The RPG Maker item data structure has a list of flags representing which conditions the item cures. But since most items don’t cure any condition, the program saves space in the file by simply skipping the entire list if the whole thing’s set to false. In my code to read the data structure, I accidentally had it set the entire set to true if the list was missing from the file. So an ordinary item, such as a potion, suddenly becomes a cure-all item.
But it gets worse. Characters can be afflicted with various conditions, as defined by the game writer, and one condition that’s hard-coded into the system: “dead”. If a character’s dead, it changes a bunch of the code for his behavior. (For example, he can’t be healed while dead.) In the code to set a character’s condition, I had a check for whether the condition being set was condition #1 (dead), and if it was, to set a couple other things in the hero’s data structure relating to being dead. Unfortunately, this check didn’t look to see whether the “dead” condition was being turned on or off.

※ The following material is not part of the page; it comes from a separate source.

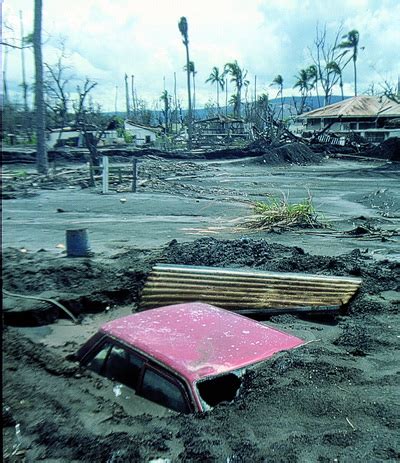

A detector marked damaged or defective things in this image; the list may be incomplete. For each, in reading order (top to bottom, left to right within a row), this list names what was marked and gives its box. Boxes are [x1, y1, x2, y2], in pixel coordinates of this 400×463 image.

rusty corrugated roofing [304, 95, 400, 118]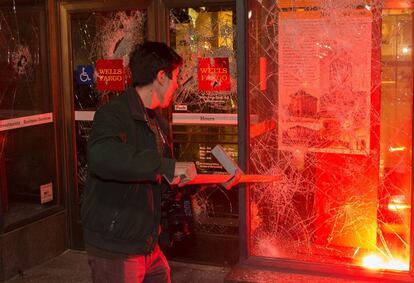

You can probably see where this is going. I tested out a potion on a hero, and… he died?!? That confused the heck out of me, of course. Turns out the potion (with the “cure condition” attributes set to all true) had tried to cure the hero of being “dead”–for technical reasons, it’s more efficient to simply set the condition to false than to check whether it’s set and then only set it if it’s already true–and this set off the special code. So instead of getting healed by 50 HP, the hero died. Huzzah for Potions of Death!
“I tested out a potion on a hero, and… he died?!?”
xD
The funniest about it imo is that the program simply did what it was told to do.
Last Action Hero said : “This is the ultimate test of the ultimate rpg builder”.